MUTABAKAT METNİ VE HDP
25 Mayis 2023 13:08:19
Kılıçdaroğlu ile Ümit Ozdağ’ın imzaladığı 7 maddelik “mutabakat metni”ne nasıl yaklaşmalı ?
Mutabakat metni, “Atatürk milliyetçiliği” ile örtüşen bir metin. Cumhuriyetin kuruluş ilkelerine dönüş de diyebiliriz. Buradan bakıldığında demokratik de.

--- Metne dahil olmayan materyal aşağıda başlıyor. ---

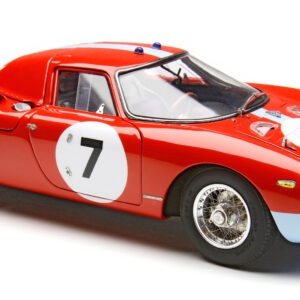 CMCフェラーリ250 LM、1964年ランス12時間優勝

Ancak, metnin dördüncü maddesi kafa karıştıran nitelikte. Şöyle o madde:
“Terörle bağlantısı hukuki kanıtlarla sabit olan mahalli idare yöneticileri yerine devlet görevlilerinin atanması uygulamasına yargı kararı çerçevesinde devam edilecektir.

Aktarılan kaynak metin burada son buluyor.